> AVAILABLE DATA:

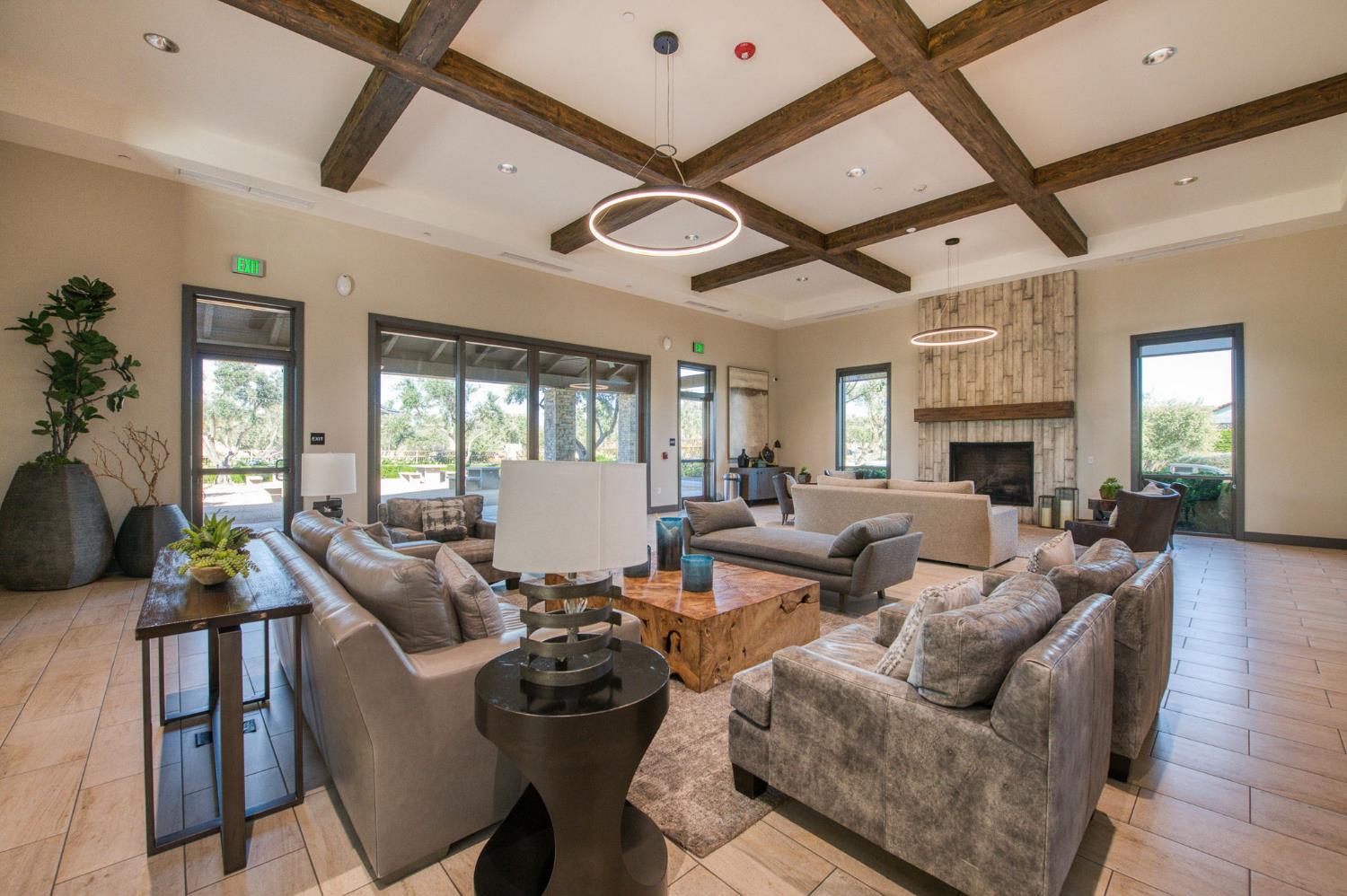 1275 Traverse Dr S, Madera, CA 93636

* * *

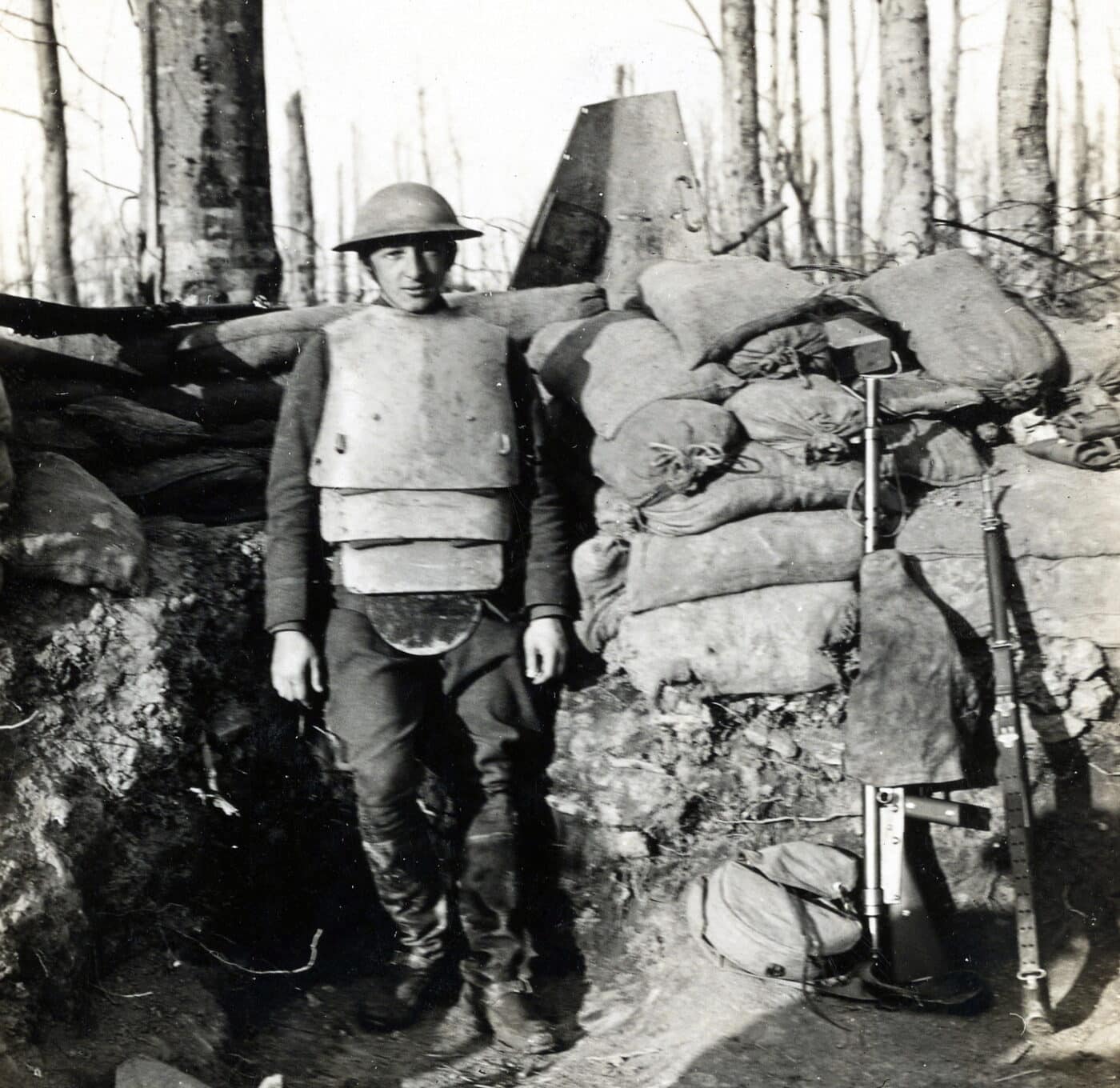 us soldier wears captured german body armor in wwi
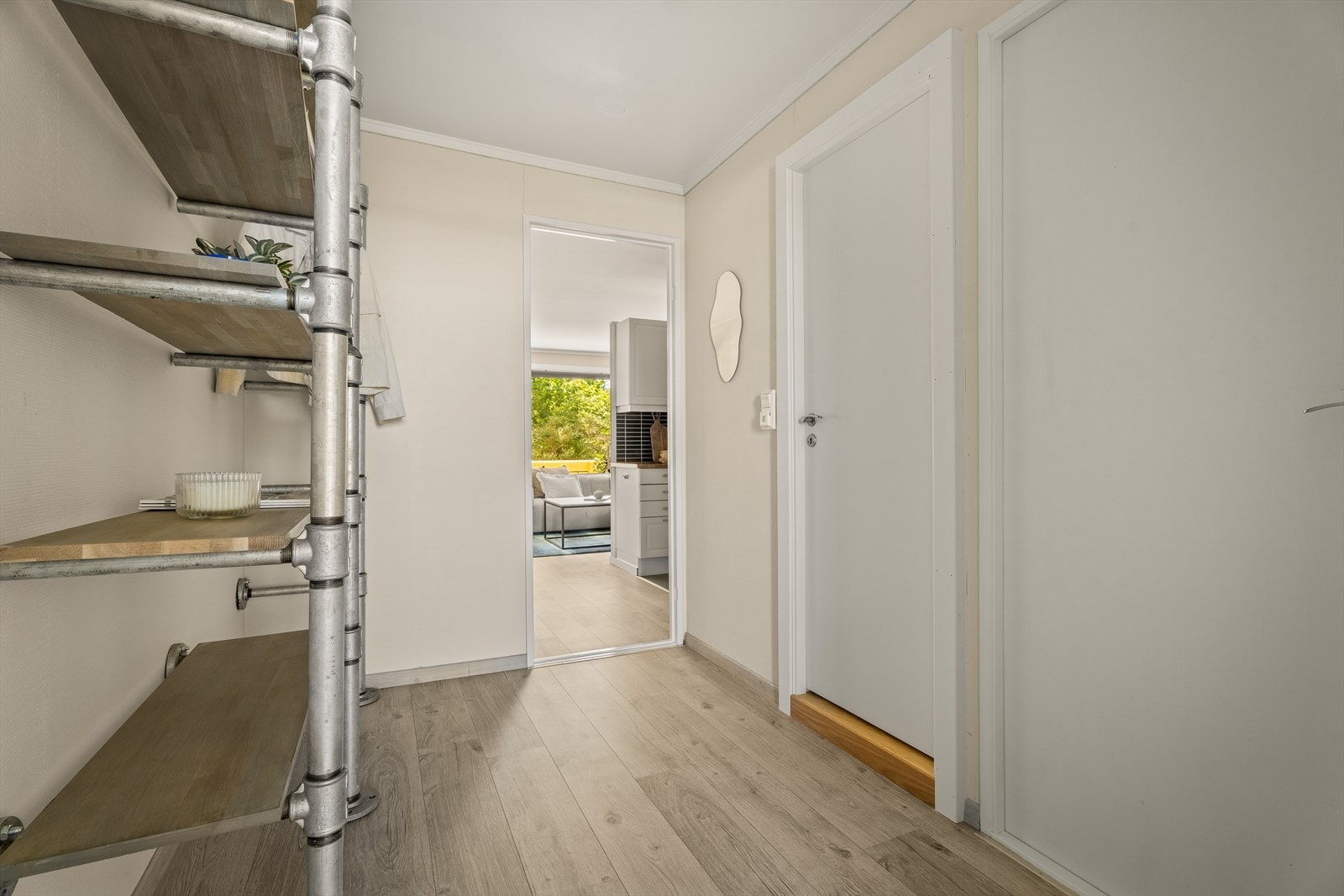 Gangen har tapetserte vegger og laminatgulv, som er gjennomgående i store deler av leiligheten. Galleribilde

...

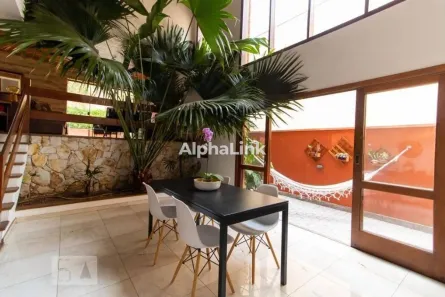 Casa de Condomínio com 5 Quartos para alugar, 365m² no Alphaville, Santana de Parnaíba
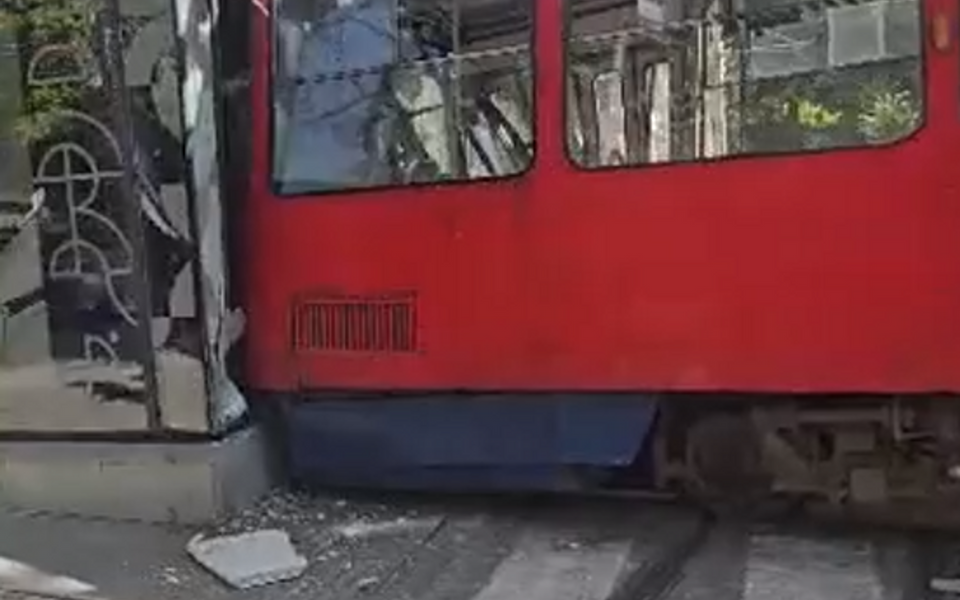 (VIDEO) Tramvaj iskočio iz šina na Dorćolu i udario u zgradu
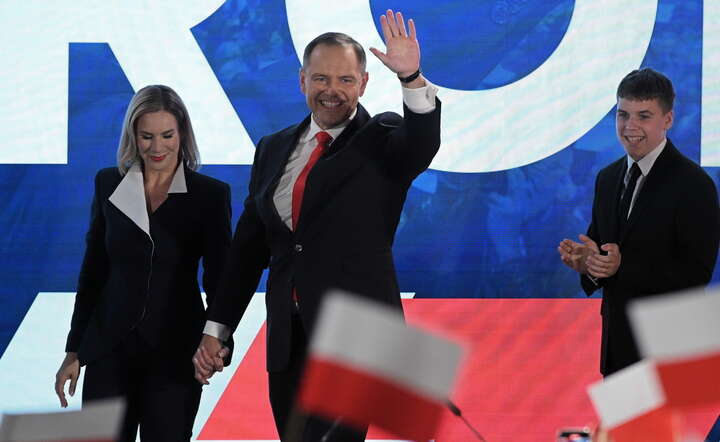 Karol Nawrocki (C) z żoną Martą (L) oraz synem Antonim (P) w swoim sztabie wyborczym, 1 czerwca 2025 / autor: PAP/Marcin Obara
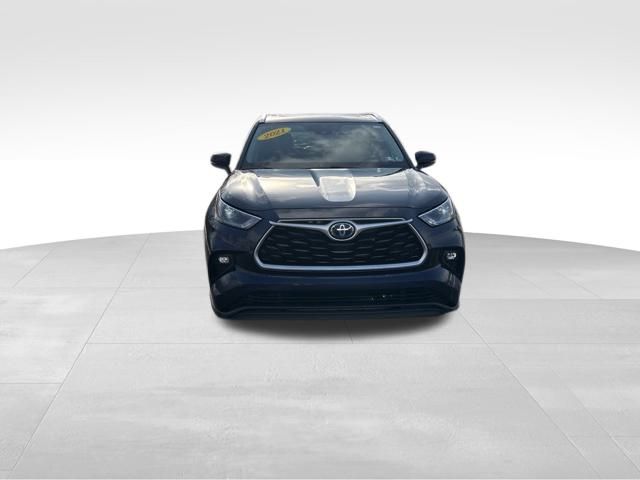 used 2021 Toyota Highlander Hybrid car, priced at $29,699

> WORK INSTRUCTION: In the listing above, find the line containing "us soldier wears" and the line containing "Gangen har tapetserte", then print exactly those two lines and every line between them, minus the pictures.

> PROBLEM SOLUTION:
 us soldier wears captured german body armor in wwi
 Gangen har tapetserte vegger og laminatgulv, som er gjennomgående i store deler av leiligheten. Galleribilde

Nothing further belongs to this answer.